I first visited Oxford when I was 10 or 11. I was into dungeon-and-dragons style books at the time, where you had to choose which way to go and then turn to the page to find out if you’d arrived at treasure or a nasty imp. Oxford, with its cloisters and quadrangles and halls, struck me as being a made-up fantasy place like the kingdoms in the books, where anything could be lurking round the corner.
5. Port Meadow.
6. The White Horse.
A friend who read a proof copy of After I Left You said she was waiting for the White Horse to turn up, and sure enough, a version of it does.
On the way back from visiting the ancient chalk landmark, the friends discuss the game of truth or dare they played when they first met, leading to this exchange, which is pretty much the set-up of the story in a nutshell:
‘No one went for truth, then,’ I said.
‘No,’ Clarissa agreed. ‘In the end, no one did,’ and she started the drive back to Oxford.
7. The river.
I love a walk through Christ Church meadows, and the Salter’s Steamers boat trip from Abingdon to Oxford.

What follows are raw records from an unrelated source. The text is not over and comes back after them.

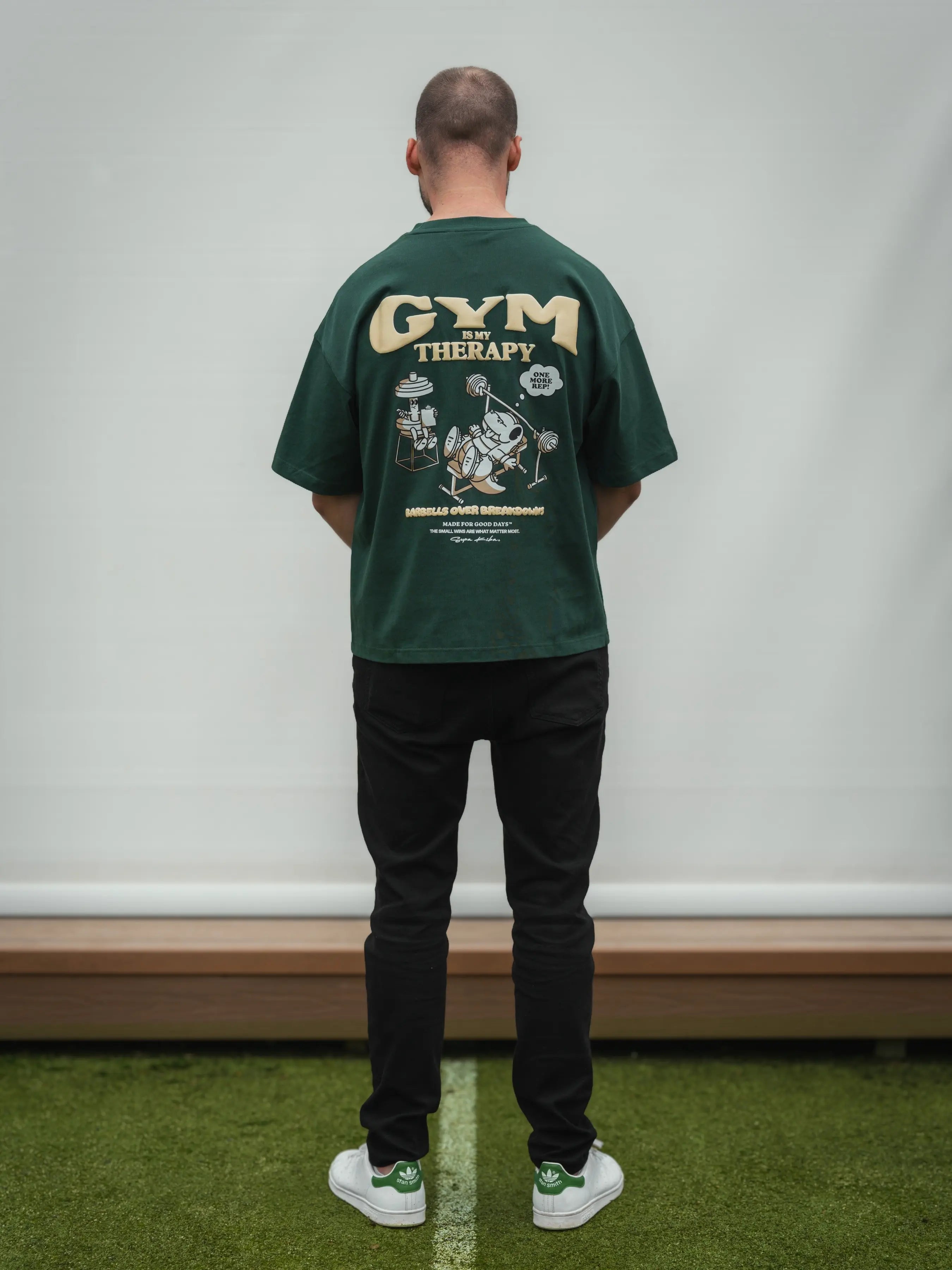 GYM IS MY THERAPY — Boxy Tee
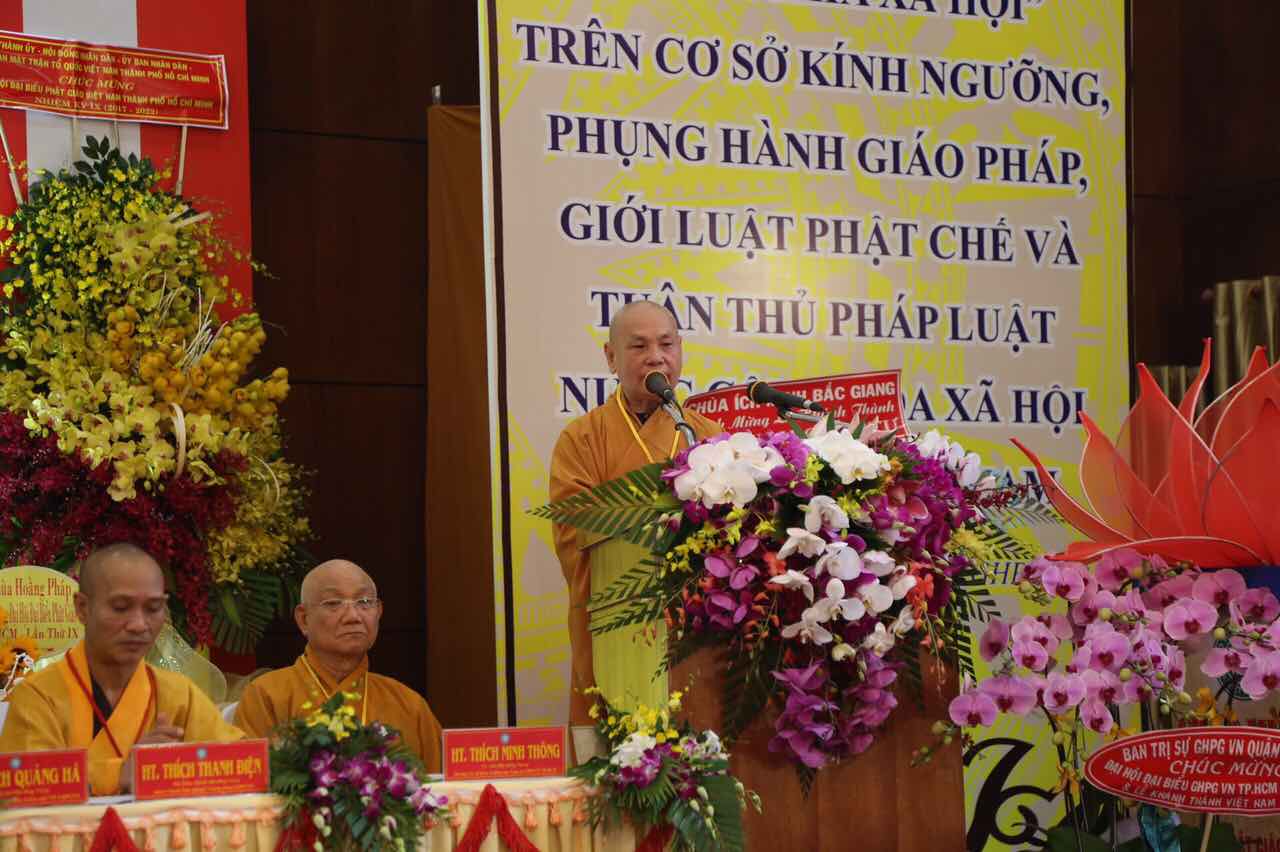 TP. HCM. Trọng thể tổ chức Đại hội Đại biểu PG TP. HCM lần IX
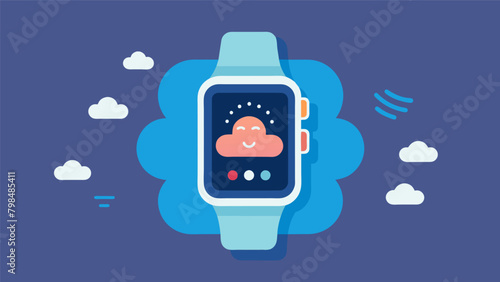 A smart watch that tracks stress levels and provides guided breathing exercises and calming sensory input to regulate the nervous system..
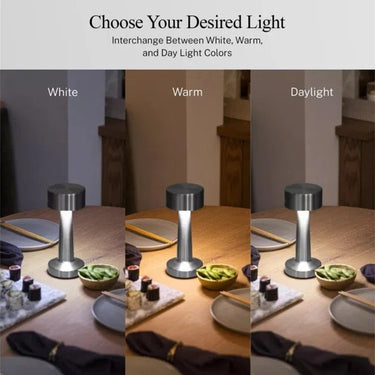 Rechargeable Touch Dimming LED Table Lamp – Portable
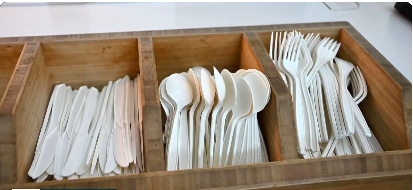 New Jersey restaurants limiting single-use plastic utensils in takeout orders under "Skip the Stuff" law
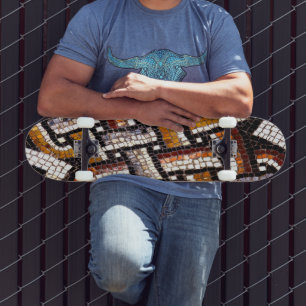 Skateboard Mosaïque romaine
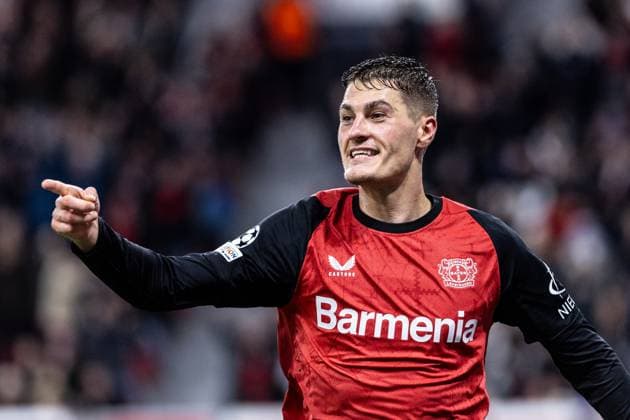 UEFA Champions League: Bayer 04 Leverkusen - FC Salzburg; 26.11.2024 Bayer 04 Leverkusen im Jubel, 4:0, Patrick Schick (Bayer 04 Leverkusen, 14) UEFA Champions League: Bayer 04 Leverkusen - FC Salzburg; BayArena, Leverkusen; 26.11.2024 Copyright: xBEAUTIFULxSPORTS Buriakovx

In After I Left You, when Anna meets up with her friend Meg and looks through her photo album, she sees a snap of the friends together on a bench near the river: ‘there we all were, squeezed on to a bench overlooking the river on a frosty autumn morning, happy and complete and sure of ourselves, a pack surveying its territory’.
And here’s the cover of the German edition of After I Left You (out in June!) showing what I imagine to be the same bench years later.

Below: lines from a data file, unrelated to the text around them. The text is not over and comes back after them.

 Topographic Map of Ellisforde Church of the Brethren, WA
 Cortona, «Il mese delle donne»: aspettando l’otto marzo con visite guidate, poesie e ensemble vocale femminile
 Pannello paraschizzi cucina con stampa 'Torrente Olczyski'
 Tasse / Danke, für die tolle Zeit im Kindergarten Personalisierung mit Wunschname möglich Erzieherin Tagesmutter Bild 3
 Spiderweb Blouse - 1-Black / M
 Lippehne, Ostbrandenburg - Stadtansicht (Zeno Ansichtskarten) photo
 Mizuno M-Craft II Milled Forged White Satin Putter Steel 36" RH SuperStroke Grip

If you go punting, in my experience, the trick is to find someone who knows what they’re doing and persuade them to do the punting bit, while you lounge around taking in the scenery and drinking something fizzy.
8. The Oxford University Museum of Natural History and the Pitt Rivers Museum.
Dinosaurs! Shrunken heads! Witchy stuff!
This is where we first meet Keith in After I Left You, ‘standing awkwardly in one of the dinosaur footprints… as if half attempting to strike a pose and half wanting just to get the photo over with.’
9. St Margaret’s Church and St Margaret’s Well.
An otherworldly place, along the lane from the Perch. The well inspired the treacle well in Alice in Wonderland and it’s the model for St. Bartholomew’s well in After I Left You, which is also in a churchyard:
A canopy of leaves sheltered the little congregation of the dead from the wind, the sun and the rain. It was as if we were already inside, if not a church, then some other protected space.
10. Bleinheim Palace.
It’s a magnificent building, but what I love most about Bleinheim is the view. In After I Left You, there’s a stately home called Shawcross Hall where Keith spends a happy summer showing tourists round the orangery, and where Anna is finally given the chance to confront the past.
I was so lulled by the sun and the champagne and the scent of grass and lavender and roses, and the gentle thud of elderly pop hits issuing from the grand house behind me, that I didn’t even jump when I heard footsteps and realized that someone was about to find me.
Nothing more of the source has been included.